Exercise instructions: Would you repeat the listing below verbatim and drop the images?

Exercise data:

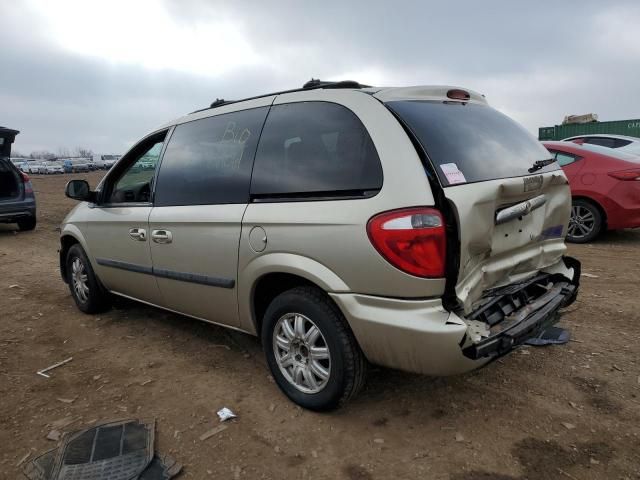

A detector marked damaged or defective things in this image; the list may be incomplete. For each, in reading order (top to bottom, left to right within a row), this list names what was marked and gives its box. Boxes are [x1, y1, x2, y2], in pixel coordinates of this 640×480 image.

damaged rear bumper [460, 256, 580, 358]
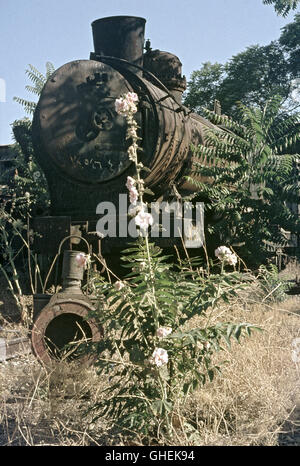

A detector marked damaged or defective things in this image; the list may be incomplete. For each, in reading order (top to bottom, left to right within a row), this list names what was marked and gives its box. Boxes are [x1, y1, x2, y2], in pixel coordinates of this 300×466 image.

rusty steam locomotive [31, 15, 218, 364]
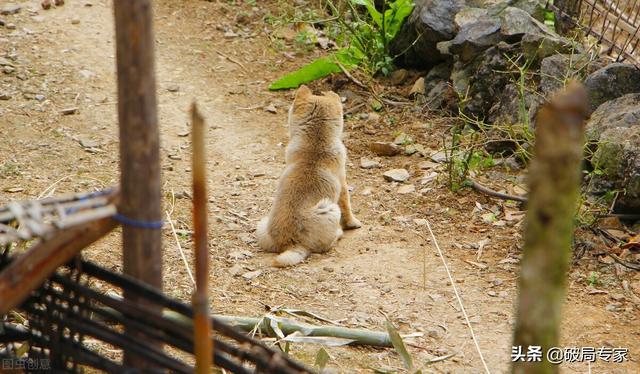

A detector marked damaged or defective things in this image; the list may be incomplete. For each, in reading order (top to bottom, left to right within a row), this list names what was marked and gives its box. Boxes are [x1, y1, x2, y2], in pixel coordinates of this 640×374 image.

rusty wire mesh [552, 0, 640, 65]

Exercise answer:
A detector marked damaged or defective things in this image; the list may be incomplete. For each, in reading order (top to bottom, left to right within a row), this list names what was marked and gives its box. Boxes are [x1, y1, x2, y2], in pixel coordinates of this 640×480 image.

damaged rear bumper [460, 256, 580, 358]

A detector marked damaged or defective things in this image; the list may be incomplete. For each, in reading order (top to bottom, left to right within a row), this list names what was marked and gives its box. Boxes are [x1, y1, x2, y2], in pixel coordinates of this 300×466 image.

rusty steam locomotive [31, 15, 218, 364]

A detector marked damaged or defective things in this image; the list may be incomplete. For each, in reading order (top to bottom, left to right within a row), this list names what was marked and gives its box. Boxes are [x1, y1, x2, y2], in pixel coordinates of this 640×374 image.

rusty wire mesh [552, 0, 640, 65]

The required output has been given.